Posted by Daniel Palmer on 25th November 2009

The new Chairman of Patties Foods has admitted to shareholders that the company has underperformed since listing in 2006, but is confident that the new leadership team can drive their high profile Australian food brands to new heights.

“Clearly, (the) transition from a private company to a listed entity has not been without its difficulties,” Christopher Riordan said at the company’s Annual General Meeting in Melbourne yesterday. “In FY 2009, there was undeniably disruption at Board and senior management level leading to resignations of the chairman, managing director and chief financial officer. Such an environment is hardly conducive to the development and implementation of sound strategic and operational decisions.”

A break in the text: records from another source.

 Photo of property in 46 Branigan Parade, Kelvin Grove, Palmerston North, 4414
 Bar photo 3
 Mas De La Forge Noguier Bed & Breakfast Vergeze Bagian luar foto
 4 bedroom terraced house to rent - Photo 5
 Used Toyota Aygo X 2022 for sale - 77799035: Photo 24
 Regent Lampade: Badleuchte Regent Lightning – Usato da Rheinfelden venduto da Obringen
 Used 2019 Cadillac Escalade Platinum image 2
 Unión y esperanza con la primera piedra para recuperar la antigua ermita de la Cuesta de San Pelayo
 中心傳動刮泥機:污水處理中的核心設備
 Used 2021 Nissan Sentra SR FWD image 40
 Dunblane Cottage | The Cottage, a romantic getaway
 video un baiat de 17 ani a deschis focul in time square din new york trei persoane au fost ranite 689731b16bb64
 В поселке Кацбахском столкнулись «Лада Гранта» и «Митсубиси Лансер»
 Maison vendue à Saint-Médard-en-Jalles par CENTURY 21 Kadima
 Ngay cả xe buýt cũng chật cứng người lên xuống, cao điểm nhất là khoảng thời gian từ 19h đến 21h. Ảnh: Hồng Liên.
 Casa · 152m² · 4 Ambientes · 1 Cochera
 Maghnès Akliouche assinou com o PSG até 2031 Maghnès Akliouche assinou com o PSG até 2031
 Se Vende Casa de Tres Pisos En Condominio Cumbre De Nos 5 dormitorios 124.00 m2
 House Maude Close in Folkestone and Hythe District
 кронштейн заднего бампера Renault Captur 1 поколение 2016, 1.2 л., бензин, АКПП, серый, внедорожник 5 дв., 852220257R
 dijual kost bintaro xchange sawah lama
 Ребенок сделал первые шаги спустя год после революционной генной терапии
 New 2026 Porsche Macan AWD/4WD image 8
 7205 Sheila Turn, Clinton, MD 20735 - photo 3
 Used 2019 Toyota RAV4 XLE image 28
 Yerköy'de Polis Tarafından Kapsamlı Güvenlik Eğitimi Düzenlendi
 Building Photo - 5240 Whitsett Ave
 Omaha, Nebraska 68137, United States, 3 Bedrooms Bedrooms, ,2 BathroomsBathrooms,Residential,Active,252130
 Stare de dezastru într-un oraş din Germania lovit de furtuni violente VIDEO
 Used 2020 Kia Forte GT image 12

Mr Riordan explained that the appointments of Greg Bourke as managing director, Michael Knaap as chief financial officer and Grant Leyden as general manager, manufacturing would be a key to the future success of the business, with a united leadership team filtering down through the organisation.

“I believe that these key employees have blended into a united group and are leading the management team in driving the earnings of the business in a disciplined manner,” he said. “I am pleased to report that, following my appointment, I met with numerous employees at both the Mentone and Bairnsdale offices. I was impressed with the overall culture and the genuine belief by employees in the future of the company.”

The maker of the Four ‘N Twenty Pie recently announced an increase to profit guidance, with profit likely to be up 50 per cent in the first half of Fiscal 2010. And Mr Riordan believes that this is just a hint of things to come despite conceding that some of the gains were from factors outside their control.

“While the results have been assisted by one-off factors such as supply difficulties encountered by a competitor and the appreciating AUD, the performance to date in FY 2010 gives some indication of the underlying, earning capacity of the business,” he advised. “I must stress that, while the early signs are positive, history demonstrates that a sustained earnings recovery will only be achieved if there is a disciplined, ongoing commitment to the fundamentals.”

Managing Director Greg Bourke echoed similar sentiments, adamant that the headwinds of the past couple of years are behind them.

“At last year’s AGM in Bairnsdale I described my initial observations of Patties Foods as being an unpolished diamond. This business has great potential. This view has been confirmed,” he told shareholders. “As you know from our recent announcement providing guidance on the first six months trading, the business is now providing stronger results than last year, and we are increasingly confident that the poor results of the past are behind us.”

Mr Bourke said the Fiscal 2009 year was “disappointing”, but inroads made in the fourth quarter had helped spur their strong trading results in early Fiscal 2010. The market share lost in the first half last year has now been recovered, the company advised, with their share of the key frozen savouries sector rising back over 50 per cent after languishing in the low 40s last year.

The frozen fruit category has remained a difficult area, however, with intense competition still hurting their market share.

“As reported last week, the first 4 months to October has shown a continuation of the improved trading from the fourth quarter of FY2009,” Mr Bourke noted. “We won’t be giving guidance for the full year as there are still uncertainties and factors out of our control that may impact on our trading including the strength of retail sales especially the impact of the “flight to value” where consumers are buying more on price than ever before, fluctuations in the Australian dollar, interest rate increases, movements in commodity prices and the economy generally.”

“However, the company’s budget for this year requires a significant lift in profit performance compared to last year. I am pleased to report we are on track for the first four months. This has been driven by planned improvements from efficiency gains in the bakery, reduced interest expense, and sales growth initiatives from new products and promotional activities.”

“In addition there have been two unexpected events out of our control which are favourable to the business,” Bourke continued. “Firstly, the sudden improvement in the Australian currency has reduced imported raw material costs. Secondly, a small competitor closed in June due to a factory fire. This has caused a shortage of supply of sausage rolls in the retail market.”